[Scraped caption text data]
══════

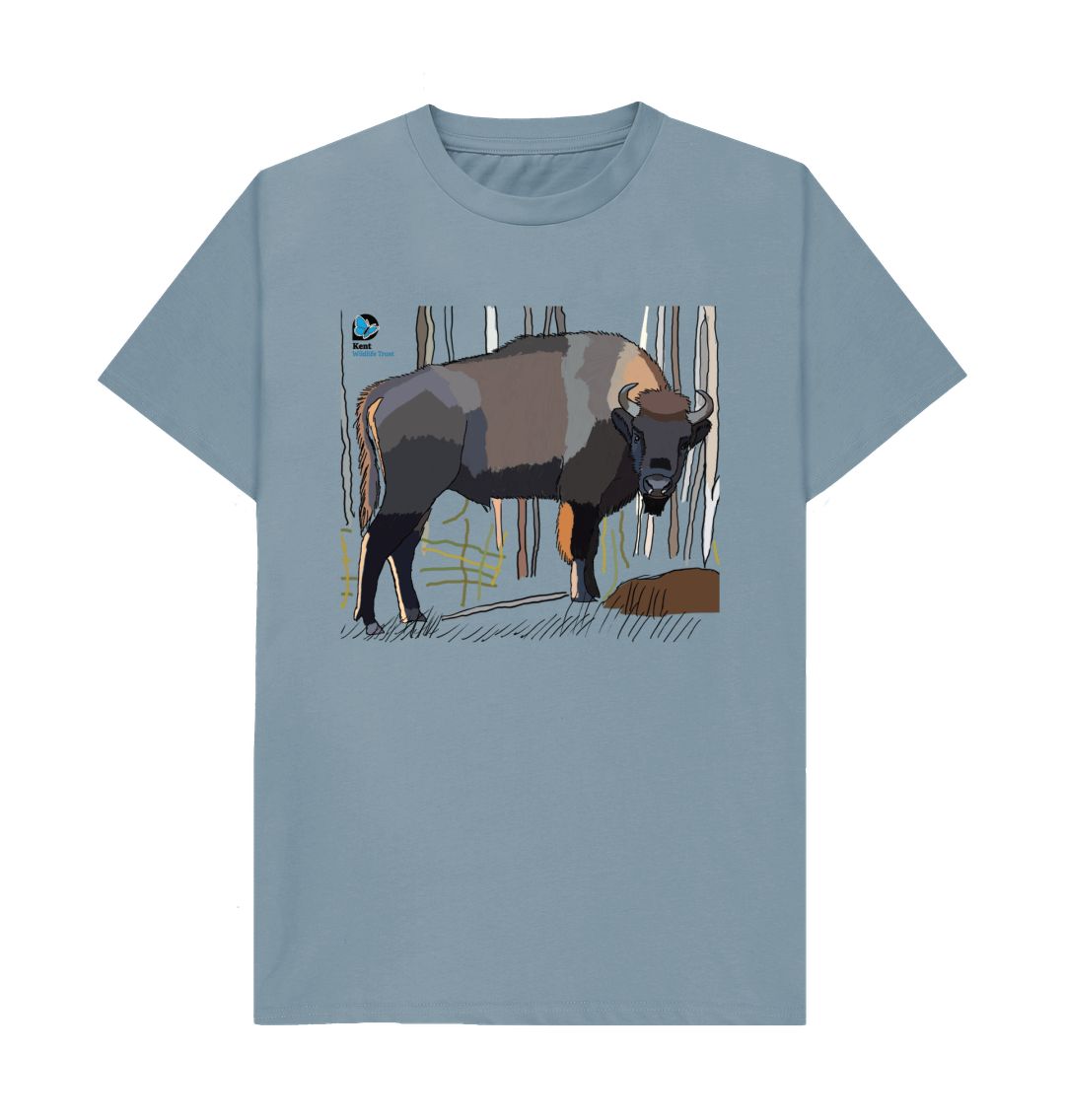 Stone Blue Bison T-Shirt Competition | Over 15's Category | Unisex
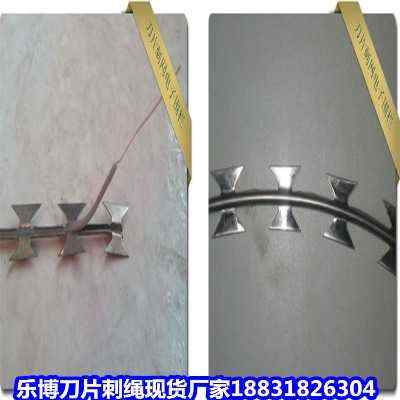 ӱ\ƬKF(xin)؛SҺĮӱO(jin)zo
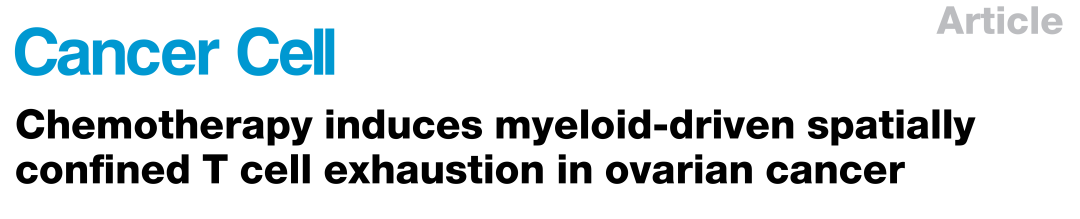 化疗后T细胞为何失效？多组学研究揭示卵巢癌免疫治疗新突破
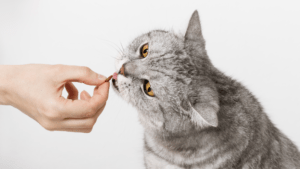Cat Treats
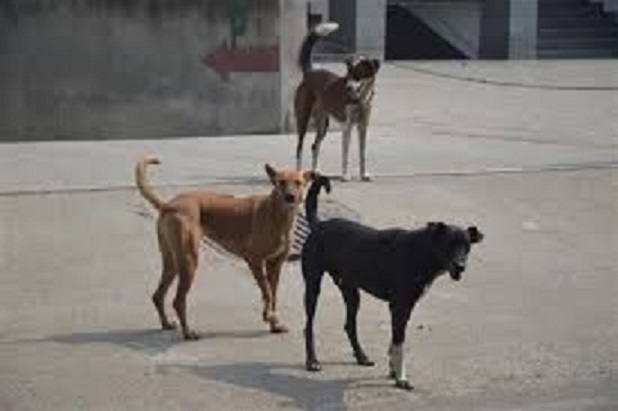 street dogs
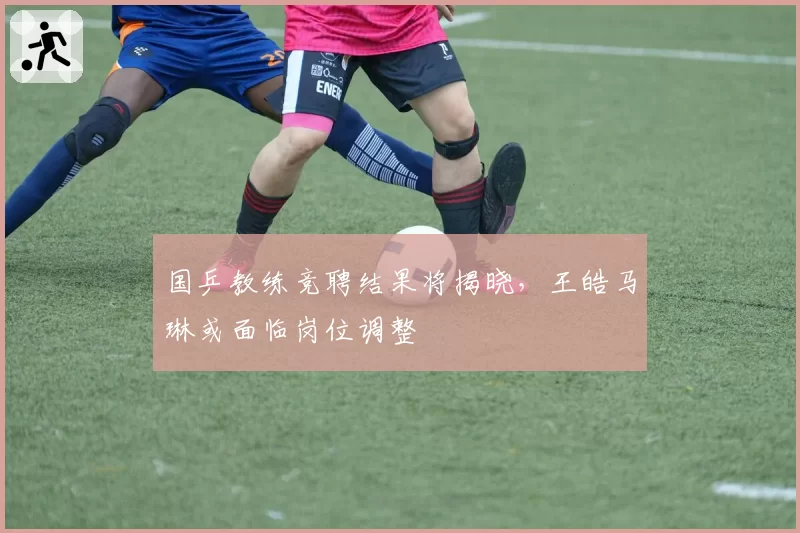 国乒教练竞聘结果将揭晓，王皓马琳或面临岗位调整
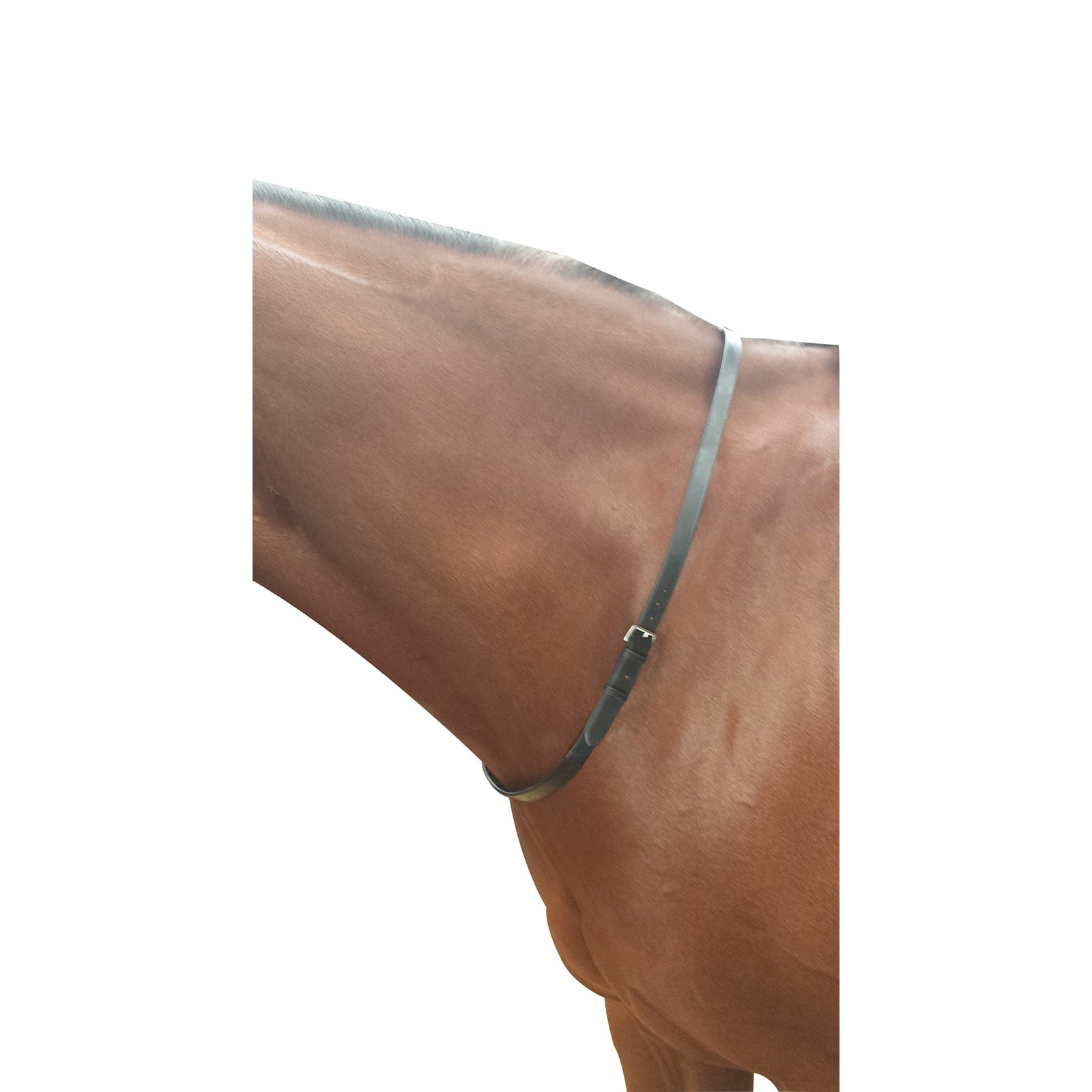Kincade Neck Strap Bridles & Reins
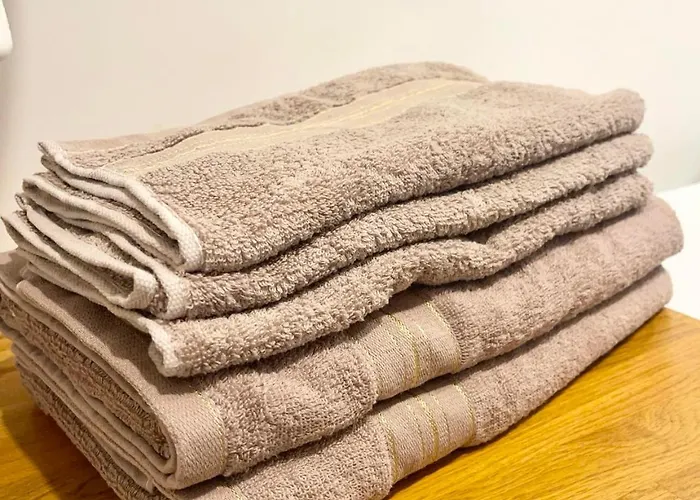 Moderne T2 - Gare Nancy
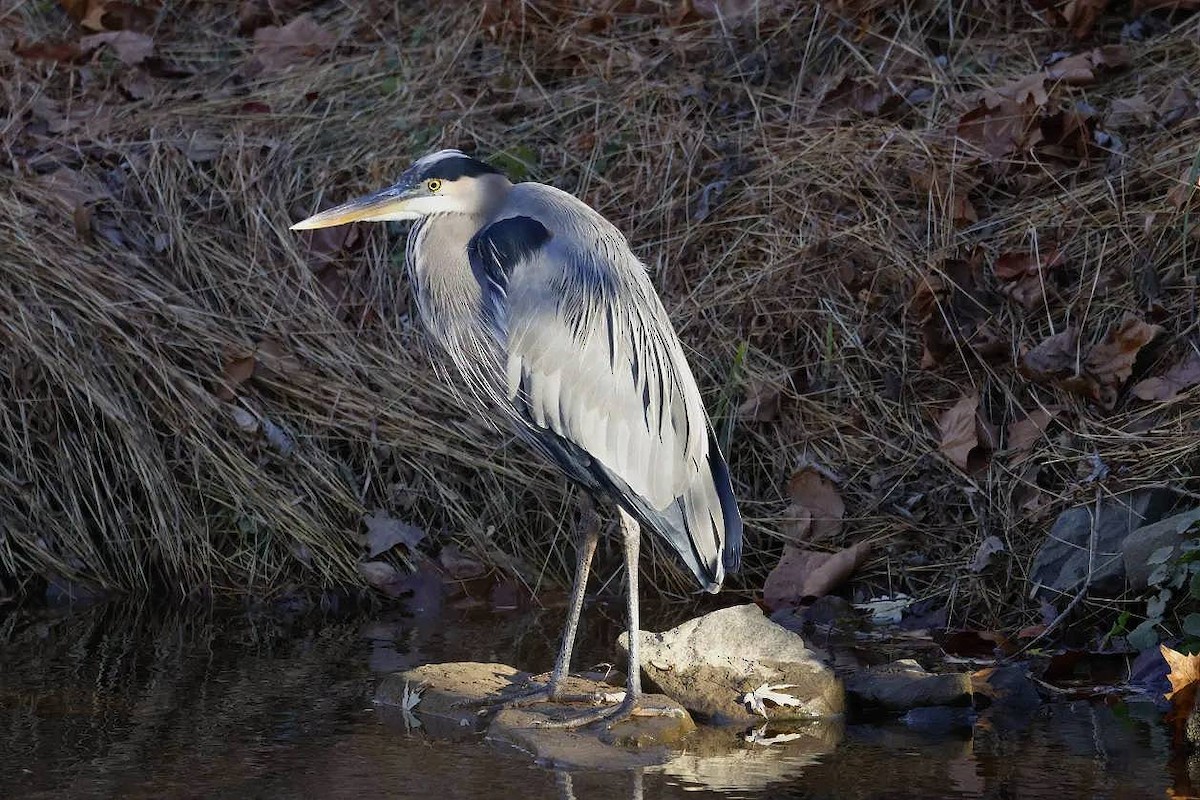 Great Blue Heron - ML645496703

══════

» **Required action**: Precisely the lines from the one containing "street dogs" to the end of the data above, both included, should be printed; leave the pictures out.

» **Result of this task**:
 street dogs
 国乒教练竞聘结果将揭晓，王皓马琳或面临岗位调整
Kincade Neck Strap Bridles & Reins
 Moderne T2 - Gare Nancy
 Great Blue Heron - ML645496703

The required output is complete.